Blogs are one of the more interesting of the Web 2.0 tools to emerge at NRCan. Blogs were one of the first collaborative technologies, along with the wiki, to be made widely available to employees. Any employee who wanted a blog could get one. There was a significant uptake on new blogs in the beginning. Then they began to languish; outside of our brave band of librarians and their library blog, no one was posting to the blogs they had requested and no one was responding to them. Interestingly enough, they were hardly being used for almost a year, until they started springing up again only recently.
Why did this re-emergence of blogging appear? The answer is that the NRCan use of blogs reflected more about the cultural change in communicating than about their effectiveness. As there was no blog culture at NRCan, many of those employees who requested blogs, posted once, and when they didn’t get scads of responses, they never posted again. However, I also think the early ones died because no one had a business use identified for them, or at the very least, people didn’t see really good examples of how to use them in a government department.
This trend changed around eight months ago with “The Daily Reed”, an energy-related information sharing blog. It was shortly followed by many more blogs. What was interesting and so promising about these blogs was that they became key channels for communications and information sharing for the workgroups. They weren’t “text book” blogs laying out an individual’s point of view. They were used to share news and links to new studies or new projects, and the occasional staff member retirement party. In a lot of ways these early blogs began replacing email as a primary daily information sharing tool. Other blog types are beginning to emerge, including blogs for project reporting, blogs that express personal points of view on any number of topics, and blogs furthering the growth of communities of practice.

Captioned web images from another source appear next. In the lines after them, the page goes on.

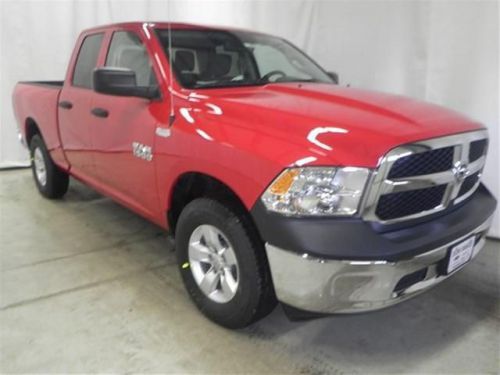 2014 ram 1500 tradesman/express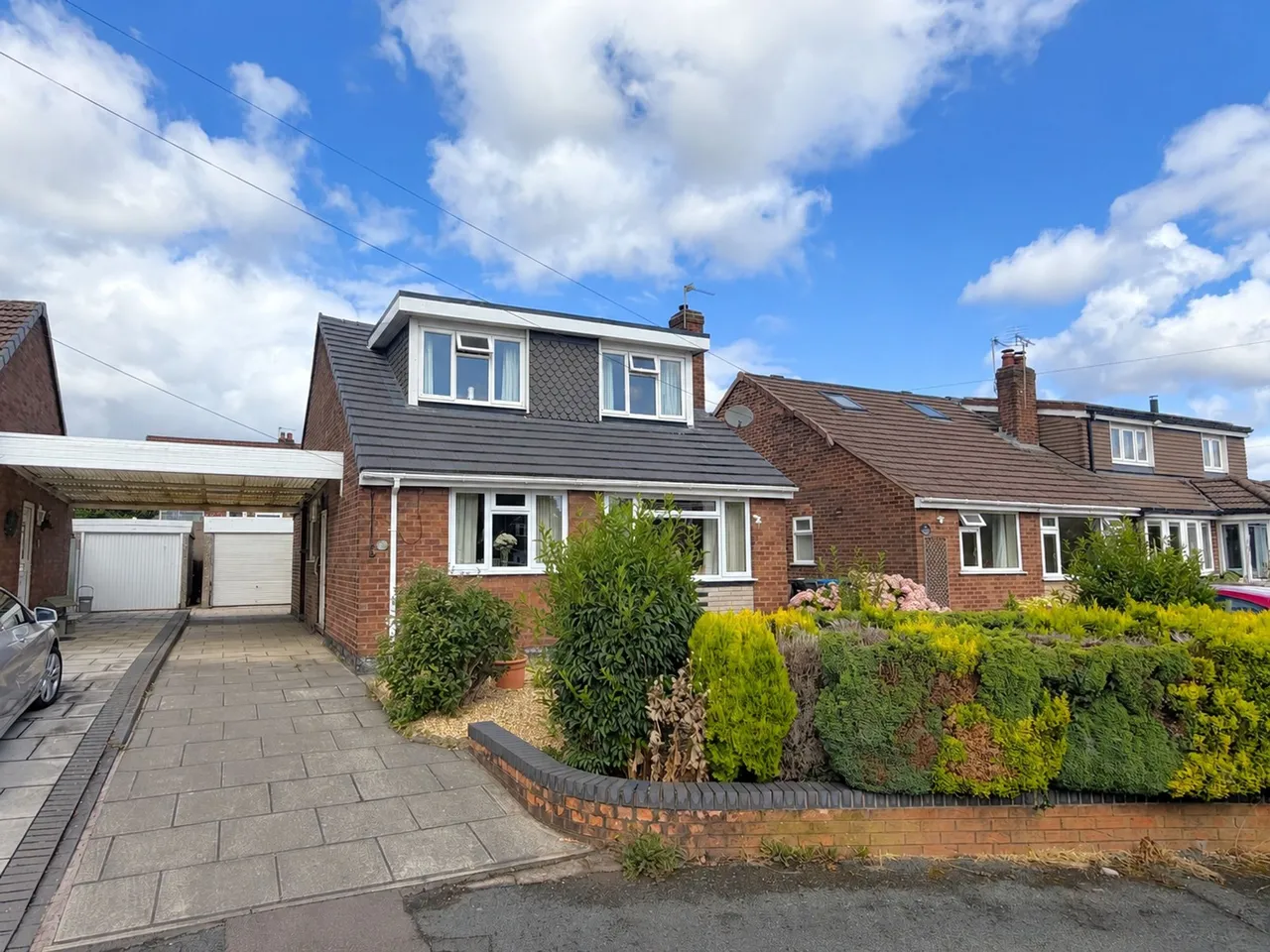 2 bed house for sale, Astley Close, Warrington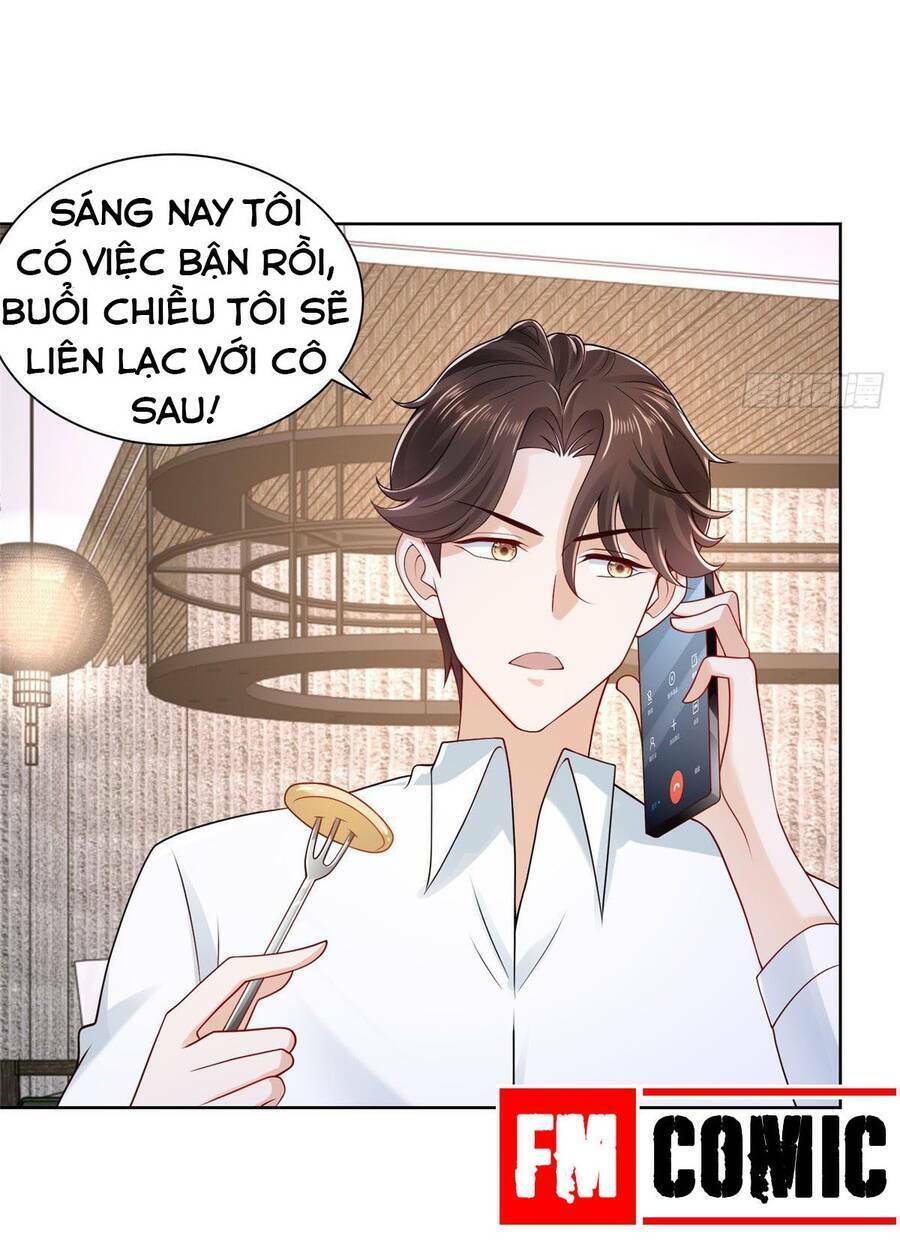 Mỗi Tuần Ta Có Một Nghề Nghiệp Mới Chapter 19 - 26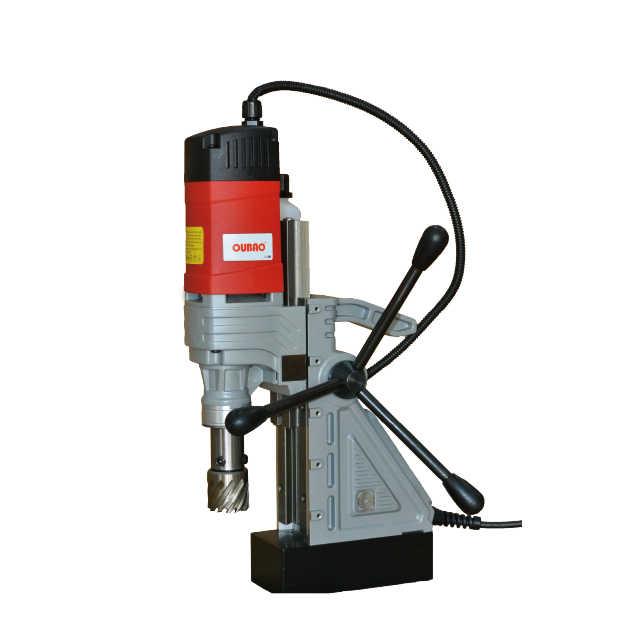 磁座鉆手持式型號有哪些特點？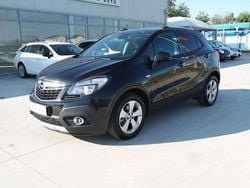 Nero Usata 2015 Opel Mokka Innovation SUV | 9500 € (Buon prezzo)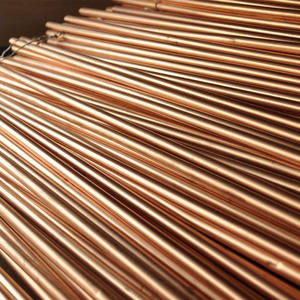 Станок для гибки и сварки полированных медных труб с услугой резки для систем кондиционирования/холодильников – низкая цена - Product Image 3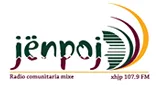 Logo da Radio Jenpoj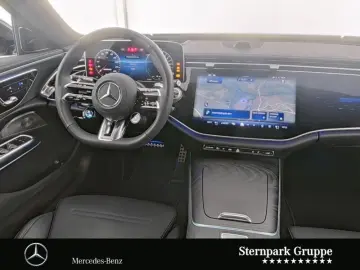 MERCEDES-BENZ E 53 AMG 4M  PremiumPlus HUD Pano Napp&hellip;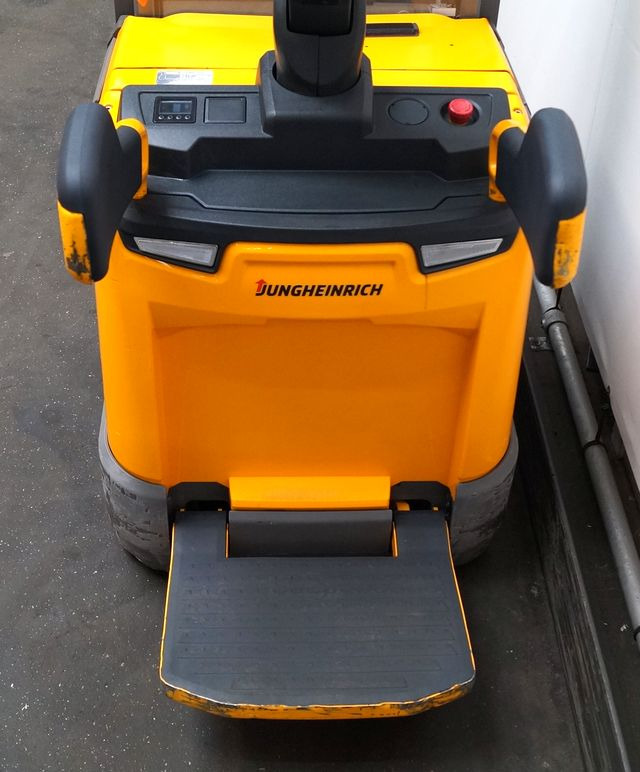 Jungheinrich ERC212z - Penumpuk: gambar 4 Jungheinrich ERC212z - Penumpuk: gambar 4
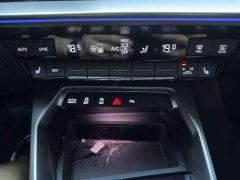 Audi A3 Sportback 35 TFSI Luxury Version - фото 11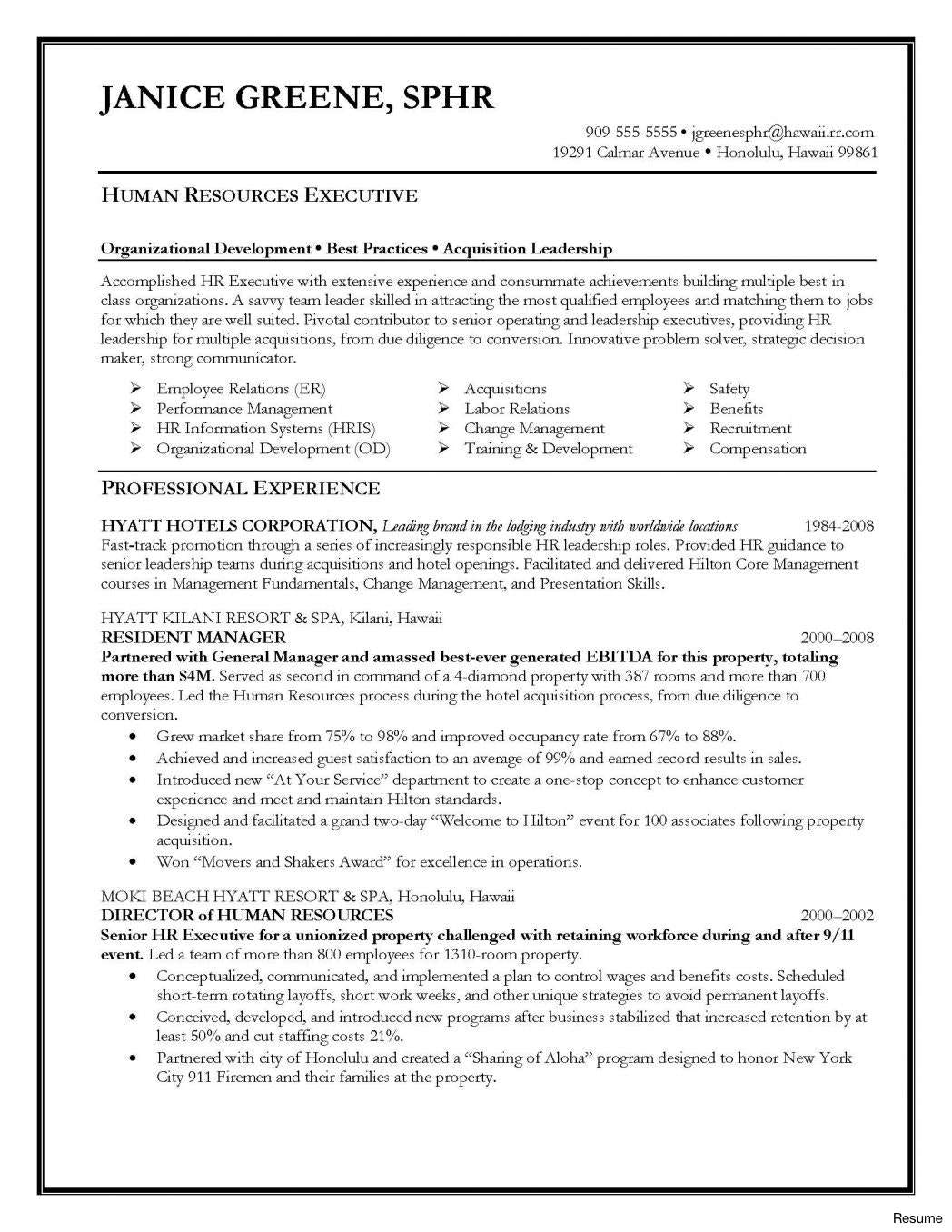 Hospitality Cover Letter Template - 9 Quicken Sample Cover Letter for Experienced Professional Effigy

Blogs are becoming a viable tool because there is a community of users that has taken them up. We have learned how to incorporate and use them in our work - in other words, there is an emergent blogging culture at NRCan.
So how do we make this happen? We didn’t, and that is the key. While it is true that we made the tool available it’s what we didn’t do that I think made all the difference. We didn’t impose restrictions on who could have a blog or how blogs were to be used. There was no allocation of blogs by organizational unit or span of responsibility. There was no editorial or moderator control imposed, no third party vetting of contents. We didn’t even restrict what bloggers could talk about (outside of saying in our blogging policy that bloggers should follow acceptable use guardrails).
Other lessons have been learned from our more successful bloggers. Blogging takes an ongoing commitment, and they need to be updated regularly in order to build and maintain a following. Bloggers don’t blog in isolation. They often are responding to other bloggers and they refer to their blogs frequently. Bloggers also should classify their posts using tags and categories in order to improve their profile and searchability. Bloggers blog in the language of choice, although in some cases they translate or provide synopses where the blog is part of a consultation or official communications channel.
Finally, one of the reasons that NRCan blogs are now successful is that we didn’t shut down the blog tool because it looked like blogs were a lost cause. Ultimately we trusted that if the employees of NRCan were given the freedom to experiment with the technology, they would find a use for blogs on their own and develop innovative and unanticipated uses for the tool. I have to say it’s nice when things work out the way you expected, even when you didn’t expect, or anticipate, the ways they are evolving.